Science >> Wetenschap >  >> Energie

COP27:Hoe verantwoordelijk zijn rijke landen voor de opwarming van de aarde?

De rijke landen zijn verantwoordelijk voor het grootste deel van de opwarming van de aarde.

Volgens het Intergouvernementeel Panel voor Klimaatverandering (IPCC) is ‘menselijke invloed waargenomen bij de opwarming van de atmosfeer en de oceaan, bij veranderingen in de mondiale watercyclus, bij de vermindering van sneeuw en ijs, bij de mondiale gemiddelde stijging van de zeespiegel, en bij in veel andere waargenomen veranderingen in alle regio's van de wereld."

Het IPCC constateerde ook dat "het uiterst waarschijnlijk is dat menselijke invloed de dominante oorzaak is geweest van de waargenomen opwarming sinds het midden van de 20e eeuw."

Het verbranden van fossiele brandstoffen is de belangrijkste menselijke activiteit die bijdraagt ​​aan de opwarming van de aarde. Fossiele brandstoffen stoten koolstofdioxide (CO2) en andere broeikasgassen uit in de atmosfeer, die warmte vasthouden en ervoor zorgen dat de planeet opwarmt.

De rijke landen zijn degenen die in de loop van de tijd de meeste CO2 en andere broeikasgassen hebben uitgestoten, en zij blijven meer uitstoten dan hun deel. De bovenste 1% van de wereldbevolking is verantwoordelijk voor meer dan tweemaal de uitstoot van de onderste 50%.

De rijke landen beschikken ook over de middelen en technologie om hun uitstoot te verminderen en de gevolgen van de klimaatverandering te helpen verzachten. Ze zijn echter traag in het ondernemen van actie en hebben vaak hun eigen economische belangen boven het mondiale belang gesteld.

De gevolgen van de klimaatverandering zijn nu al over de hele wereld voelbaar, en zullen alleen maar erger worden als de rijke landen geen actie ondernemen. Deze gevolgen omvatten de stijgende zeespiegel, extremere weersomstandigheden, droogtes, overstromingen en voedseltekorten.

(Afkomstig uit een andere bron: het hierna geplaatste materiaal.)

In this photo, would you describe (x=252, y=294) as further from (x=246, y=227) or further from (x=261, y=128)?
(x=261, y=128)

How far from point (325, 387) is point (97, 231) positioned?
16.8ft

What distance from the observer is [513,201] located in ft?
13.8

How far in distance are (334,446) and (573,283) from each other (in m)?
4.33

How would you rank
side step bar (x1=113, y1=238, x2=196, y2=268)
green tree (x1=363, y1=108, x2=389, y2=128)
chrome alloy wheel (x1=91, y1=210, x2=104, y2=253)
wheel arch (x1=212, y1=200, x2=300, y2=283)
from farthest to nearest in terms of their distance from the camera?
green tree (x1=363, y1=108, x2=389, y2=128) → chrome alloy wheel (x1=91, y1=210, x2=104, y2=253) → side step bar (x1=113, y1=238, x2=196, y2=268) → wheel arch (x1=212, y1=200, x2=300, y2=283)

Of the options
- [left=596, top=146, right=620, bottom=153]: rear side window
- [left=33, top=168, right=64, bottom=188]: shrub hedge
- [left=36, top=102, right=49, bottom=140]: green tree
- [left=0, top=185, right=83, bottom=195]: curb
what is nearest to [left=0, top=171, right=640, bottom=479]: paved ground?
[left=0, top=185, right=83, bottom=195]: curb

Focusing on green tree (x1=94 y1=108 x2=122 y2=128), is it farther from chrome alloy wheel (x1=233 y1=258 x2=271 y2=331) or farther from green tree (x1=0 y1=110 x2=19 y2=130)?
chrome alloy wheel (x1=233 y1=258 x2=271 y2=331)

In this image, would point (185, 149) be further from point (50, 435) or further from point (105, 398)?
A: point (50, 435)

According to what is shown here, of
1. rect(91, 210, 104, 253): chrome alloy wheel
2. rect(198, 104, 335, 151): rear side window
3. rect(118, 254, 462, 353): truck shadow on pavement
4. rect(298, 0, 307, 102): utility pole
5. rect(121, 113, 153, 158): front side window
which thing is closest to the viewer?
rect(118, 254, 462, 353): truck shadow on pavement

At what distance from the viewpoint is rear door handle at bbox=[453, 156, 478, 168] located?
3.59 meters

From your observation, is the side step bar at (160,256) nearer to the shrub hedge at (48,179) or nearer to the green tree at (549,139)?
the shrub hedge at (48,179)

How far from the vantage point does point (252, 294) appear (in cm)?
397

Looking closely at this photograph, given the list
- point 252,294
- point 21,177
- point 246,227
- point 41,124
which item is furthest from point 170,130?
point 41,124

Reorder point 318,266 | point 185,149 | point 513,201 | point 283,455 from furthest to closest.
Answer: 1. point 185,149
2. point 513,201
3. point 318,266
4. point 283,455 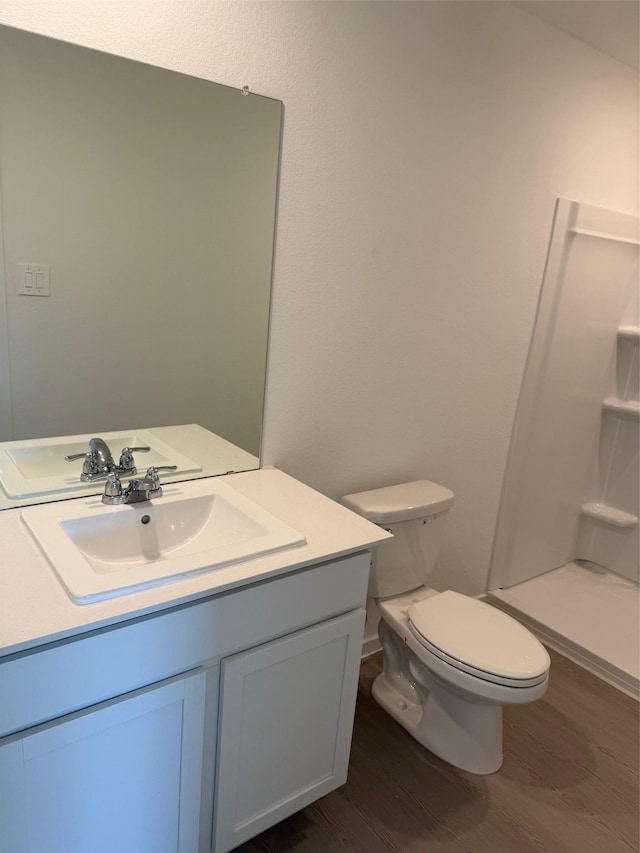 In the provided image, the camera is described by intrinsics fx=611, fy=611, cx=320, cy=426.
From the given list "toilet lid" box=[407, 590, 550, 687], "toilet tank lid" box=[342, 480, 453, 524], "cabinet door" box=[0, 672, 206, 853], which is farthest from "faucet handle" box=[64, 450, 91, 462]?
"toilet lid" box=[407, 590, 550, 687]

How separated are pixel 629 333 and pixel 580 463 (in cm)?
64

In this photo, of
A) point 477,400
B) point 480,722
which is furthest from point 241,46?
point 480,722

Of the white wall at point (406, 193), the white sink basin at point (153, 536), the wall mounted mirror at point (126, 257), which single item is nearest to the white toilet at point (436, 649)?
the white wall at point (406, 193)

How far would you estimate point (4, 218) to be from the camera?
1315 mm

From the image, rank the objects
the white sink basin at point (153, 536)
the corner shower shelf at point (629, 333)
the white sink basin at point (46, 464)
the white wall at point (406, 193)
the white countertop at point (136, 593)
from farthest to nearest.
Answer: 1. the corner shower shelf at point (629, 333)
2. the white wall at point (406, 193)
3. the white sink basin at point (46, 464)
4. the white sink basin at point (153, 536)
5. the white countertop at point (136, 593)

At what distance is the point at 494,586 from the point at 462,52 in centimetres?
210

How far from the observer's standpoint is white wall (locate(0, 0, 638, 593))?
1.56 m

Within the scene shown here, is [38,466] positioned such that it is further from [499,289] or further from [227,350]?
[499,289]

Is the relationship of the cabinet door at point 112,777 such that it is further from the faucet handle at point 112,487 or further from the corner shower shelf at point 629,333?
the corner shower shelf at point 629,333

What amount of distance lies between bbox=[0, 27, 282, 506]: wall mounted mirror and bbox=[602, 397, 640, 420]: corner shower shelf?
190 centimetres

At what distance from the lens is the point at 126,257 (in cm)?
149

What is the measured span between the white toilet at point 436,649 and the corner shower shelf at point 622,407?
47.9 inches

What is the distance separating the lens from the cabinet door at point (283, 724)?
1304 mm

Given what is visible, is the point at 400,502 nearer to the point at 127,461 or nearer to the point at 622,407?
the point at 127,461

De rijke landen hebben een morele plicht om actie te ondernemen tegen de klimaatverandering.

Zij zijn degenen die het probleem hebben veroorzaakt en zij beschikken over de middelen en technologie om het probleem op te lossen. Ze moeten hun steentje bijdragen en hun eerlijke deel doen om de uitstoot terug te dringen en de gevolgen van de klimaatverandering te helpen verzachten.